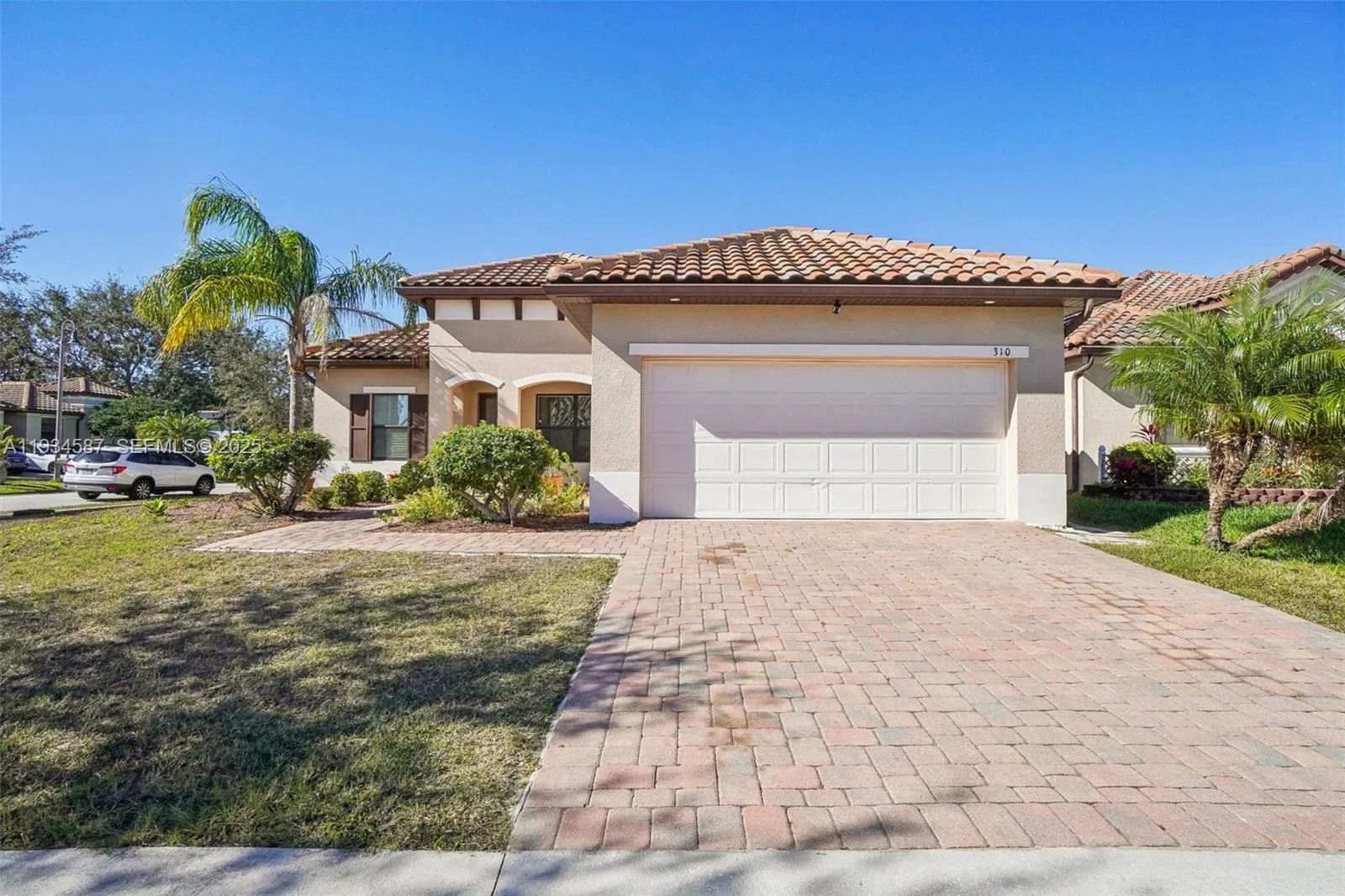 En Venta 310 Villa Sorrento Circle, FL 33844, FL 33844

────────

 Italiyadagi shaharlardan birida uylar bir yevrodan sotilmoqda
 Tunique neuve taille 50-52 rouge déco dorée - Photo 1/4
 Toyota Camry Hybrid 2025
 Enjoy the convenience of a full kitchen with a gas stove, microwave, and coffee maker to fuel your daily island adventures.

────────

**The task**
Output exactly one stretch of the listing: from the line containing "Toyota Camry Hybrid 2025" through the line containing "Enjoy the convenience", both end lines included.

**Task result**
 Toyota Camry Hybrid 2025
 Enjoy the convenience of a full kitchen with a gas stove, microwave, and coffee maker to fuel your daily island adventures.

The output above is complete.